Insects, too, can transmit the microbe, which is what happened recently to a 38-year-old woman in rural south-western Bosnia-Herzegovina. Bitten on the neck, probably by a gadfly, she developed a painful swelling and was initially diagnosed as suffering from an allergic reaction to the bite, and treated accordingly. But her condition deteriorated rapidly and she had to be admitted to hospital, where she was soon taken into intensive care. There, Dr Nikola Bradaric and Dr Volga Punda-Polic realised that the pustule on her neck, associated with very low blood pressure and general distress, could be attributable to cutaneous anthrax.

Although the patient did not respond to penicillin, which is normally an effective treatment for anthrax, examination of a smear from the pustule confirmed that she had indeed been infected by B. anthracis. Antibiotic tests then showed that the microbe was resistant to penicillin but sensitive to tetracycline. Treatment was switched accordingly and the woman recovered, returning home after spending about a month in hospital.

The evidence is circumstantial, but it is highly likely that the original source of the microbe, transmitted by a gadfly or other biting insect, was the carcass of a cow that had died of anthrax a few weeks earlier and had simply been left in a pit near the woman's home. Drawing attention to the disruption of veterinary and medical services during the conflict in Croatia and Bosnia-Herzegovina, Dr Bradaric and Dr Punda-Polic argue that this incident raises the possibility of entire outbreaks of anthrax - which would be doubly dangerous if caused by the penicillin-resistant B. anthracis.

It's an ironic coincidence that such a prospect arises on the 50th anniversary of experiments conducted in Great Britain that were designed to clarify the suitability of B. anthracis as an agent of biological warfare. Following a pilot experiment the previous year, it was in the autumn and winter of 1942 that scientists from a Ministry of Defence laboratory at Porton Down in Wiltshire paid three visits to Gruinard Island off Scotland's north-west coast. There they exploded six 'bomblets' containing billions of anthrax spores. The bomblets were detonated on a gantry, with sheep tethered in concentric circles below. Finally, an aeroplane came in low over the island and dropped another anthrax bomb into the experimental area.
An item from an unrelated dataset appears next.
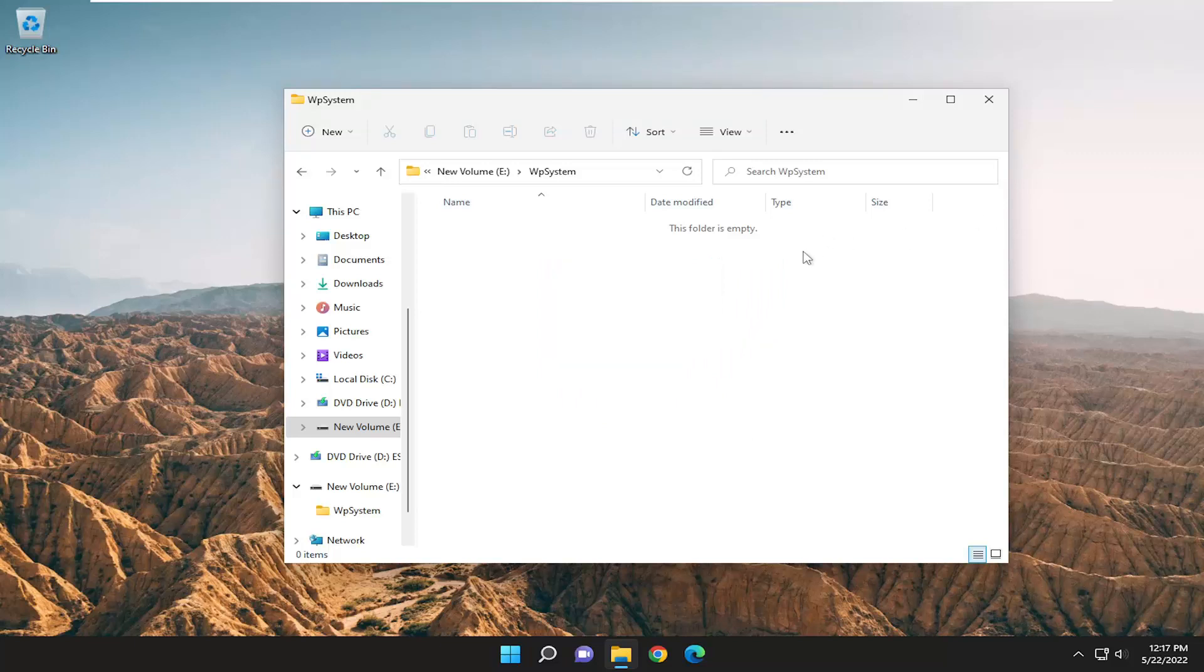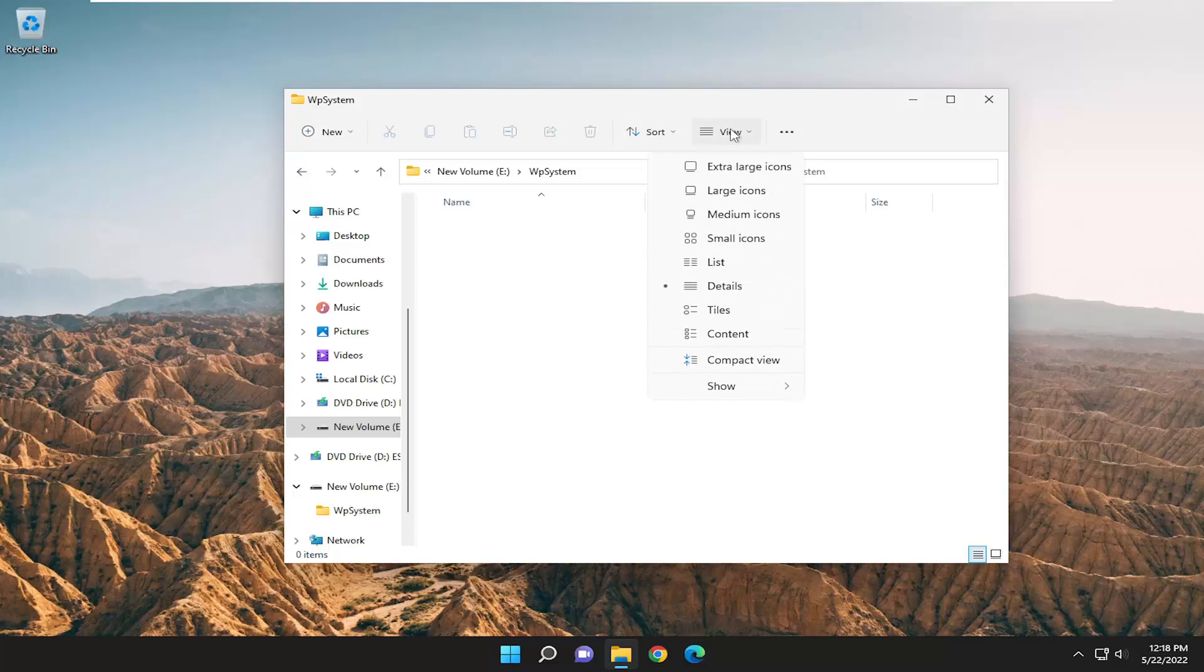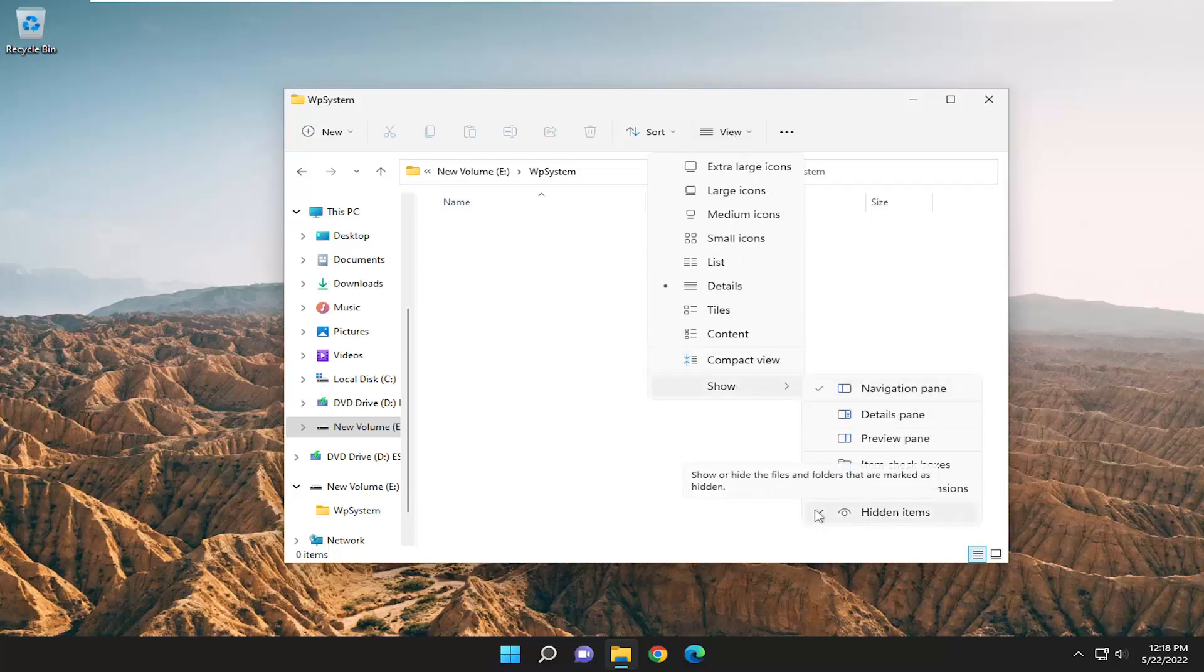So there's a good chance you have hidden files and folders disabled from viewing. So in order to resolve that, select the View button and select where it says Show. And then where it says Hidden Items, make sure that is selected. There's a little checkmark next to it.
The purpose of these manoeuvres remains controversial even today. In addition to assessing the implications of a form of warfare thought to be under development in Germany and Japan, there have been claims that the British government was also giving serious consideration to the idea of using biological weapons. Possible, though ambiguous, support for that proposition comes from Churchill's statement that he was 'prepared to do anything to hit the enemy in a murderous place'. What is certain (though eminently predictable at the time) is that the Gruinard sheep began to die within days of being exposed to B. anthracis. Moreover, when Porton's bacteriologists left their Hebridean testing ground, the soil was to remain heavily contaminated for more than four decades until it was finally disinfected in 1986 and 1987. Confirmation that this deadly microbe can survive almost indefinitely in the environment remains grimly relevant to warfare today.